Ultimately, my goal is this.
I want to take my existing Ceph cluster, expose a handful of RBDs from it to two iSCSI heads running C6 or RHEL6 or what have you, so I can use my inexpensive storage built on Linux -- for my Windows 2008 machines.
Thoughts?
Steven Crothers steven.crothers@gmail.com
On 11/16/2012 10:02 PM, Steven Crothers wrote:
Any idea of an iscsi tgtd that supports this? As far as I can tell, none do (that I can find). I know some proprietary vendors have this type of functionality, which may or may not be using iSCSI code (but that's a whole set of arguments for later..).
There's a reason that those proprietary vendors are able to charge big $$$ for this functionality.

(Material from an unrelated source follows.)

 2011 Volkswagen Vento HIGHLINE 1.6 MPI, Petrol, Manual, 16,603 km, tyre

On Sat, Nov 17, 2012 at 12:34 AM, Ian Pilcher arequipeno@gmail.com wrote:
There's a reason that those proprietary vendors are able to charge big $$$ for this functionality.
That's the truth... I was hoping they were based off some open source implementation of iSCSI somewhere.

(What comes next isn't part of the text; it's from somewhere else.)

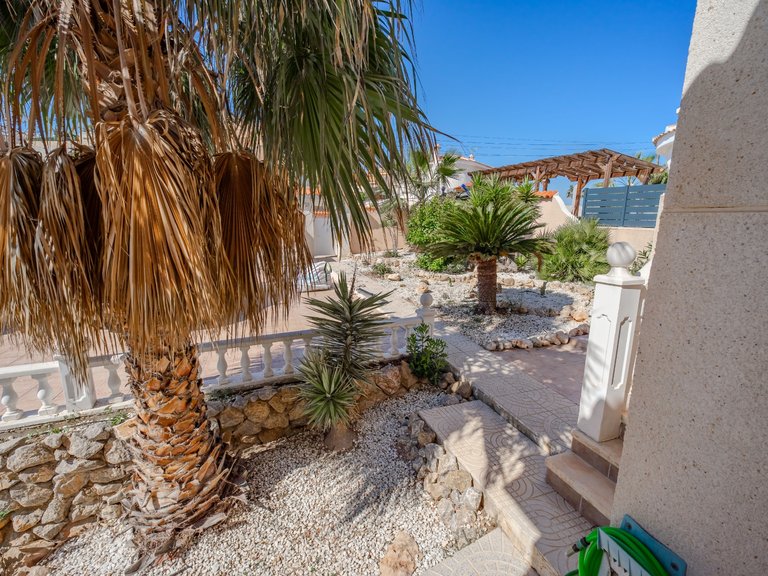 Villa for Sale in Ciudad Quesada, Alicante, 31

I mean I could probably dedicate a single machine to run iSCSI and just schedule downtime, but that's something I wanted to avoid.
I've been looking at something like Open-E, but it's active/passive with what is essentially a DRBD link between them. Again, not ideal. Speaking of which, why do people rely so much on DRBD for LAN deployments lately? Everyone always seems to cheap out and setup DRBD/Pacemaker/Heartbeat/*insert some HA software here* instead of using proper clustered file systems. DRBD to me has always screamed WAN replication. Maybe I just don't put enough value in it, who knows.
Anyway, back to my hunt for a way to implement my Ceph cluster on Windows 2008.
On 11/17/2012 06:08 PM, Steven Crothers wrote:
On Sat, Nov 17, 2012 at 12:34 AM, Ian Pilcher arequipeno@gmail.com wrote:
There's a reason that those proprietary vendors are able to charge big $$$ for this functionality.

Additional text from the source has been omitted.